Records to process
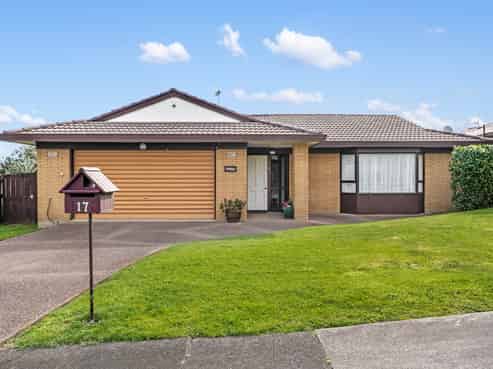 17 Parramatta Place, Botany Downs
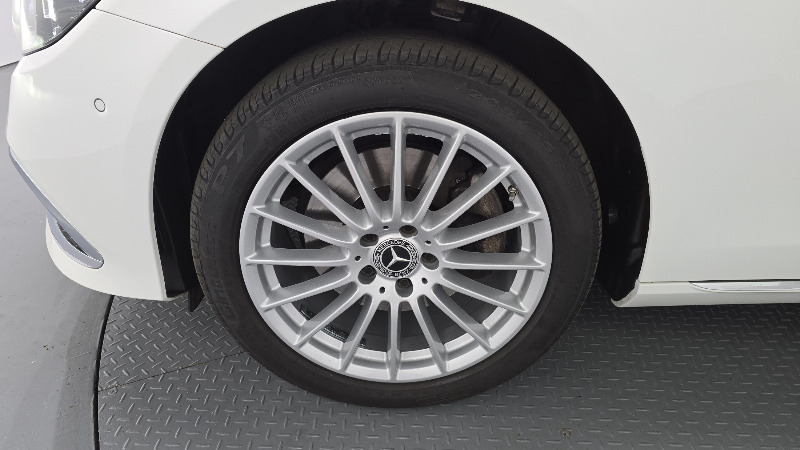 car Mercedes Benz E Class id69725 photo #5
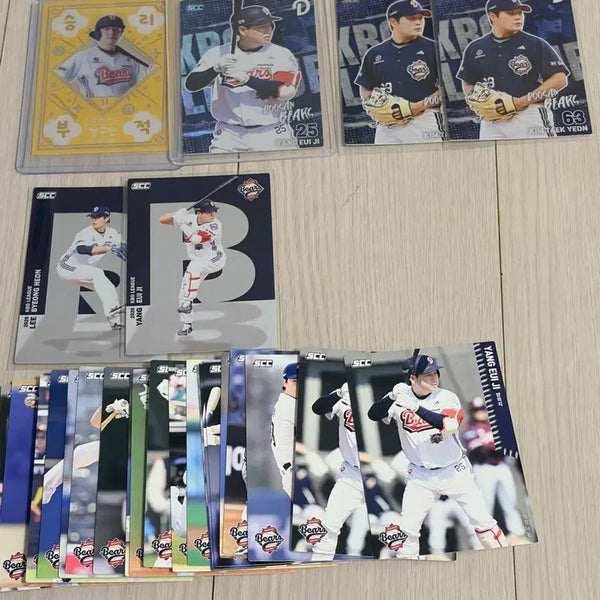 [BUNJANG] Doosan Bears Jeong Soo-bin Victory Charm, Yang Eui-ji, Kim Taek-yeon Holographic Baseball Cards / Kbo카드 2026 두산베어스 정수빈 승리부적 양의지 김택연 홀로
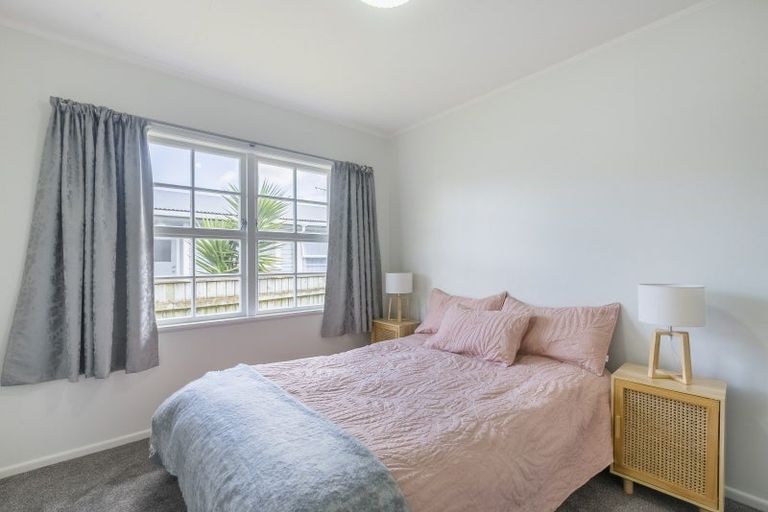 Photo of property in 44 Walton Road, Paraparaumu Beach, Paraparaumu, 5032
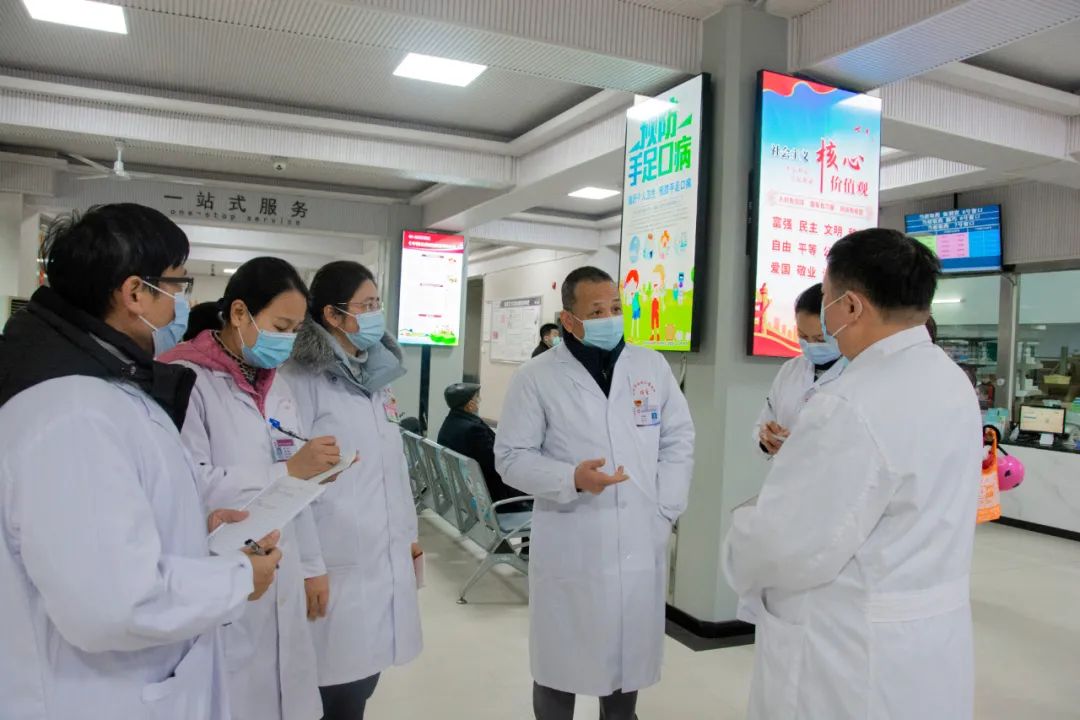 守好守牢防线｜桂林市妇幼保健院开展疫情防控专项督查工作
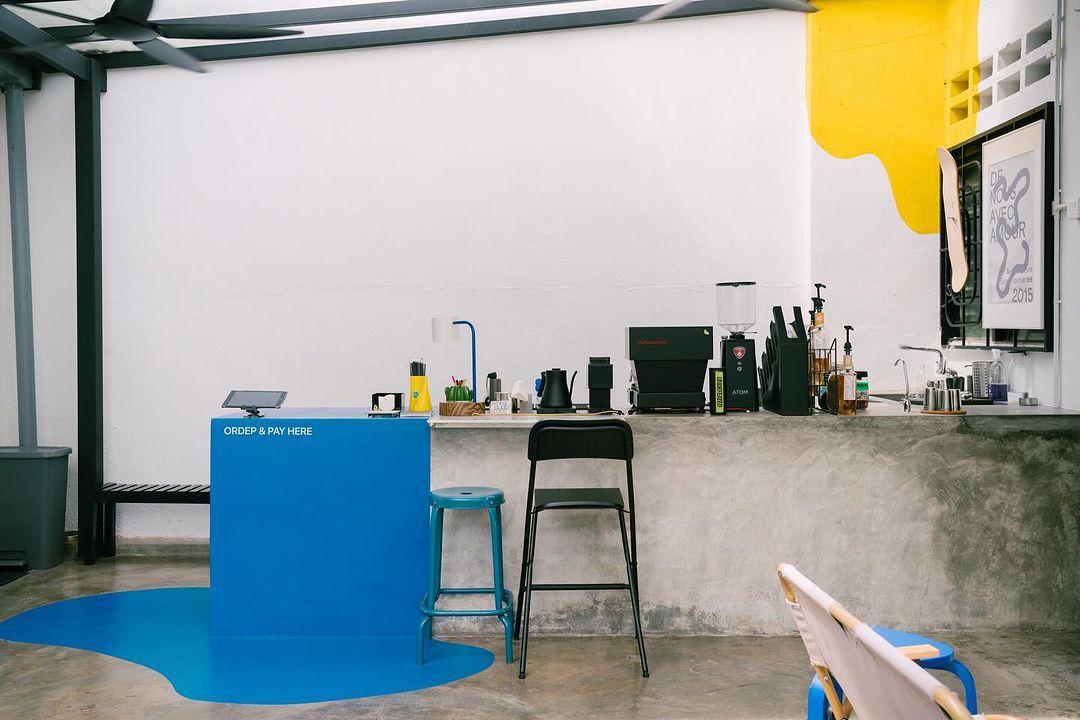 The coffee setup of Betterdays Slow Coffee Bar (Photo: Instagram / @timbastudio.kl)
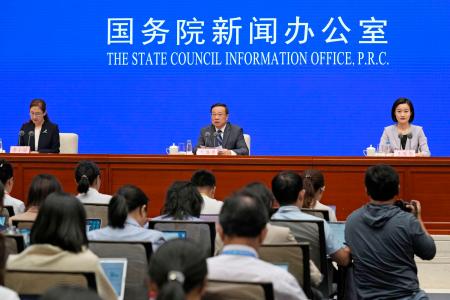 中国のＧＤＰ速報値などを発表する国家統計局の記者会見＝１５日、北京（共同）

Exercise objective
Output the entries verbatim but drop the images.

Written answer
 17 Parramatta Place, Botany Downs
 car Mercedes Benz E Class id69725 photo #5
 [BUNJANG] Doosan Bears Jeong Soo-bin Victory Charm, Yang Eui-ji, Kim Taek-yeon Holographic Baseball Cards / Kbo카드 2026 두산베어스 정수빈 승리부적 양의지 김택연 홀로
 Photo of property in 44 Walton Road, Paraparaumu Beach, Paraparaumu, 5032
 守好守牢防线｜桂林市妇幼保健院开展疫情防控专项督查工作
 The coffee setup of Betterdays Slow Coffee Bar (Photo: Instagram / @timbastudio.kl)
 中国のＧＤＰ速報値などを発表する国家統計局の記者会見＝１５日、北京（共同）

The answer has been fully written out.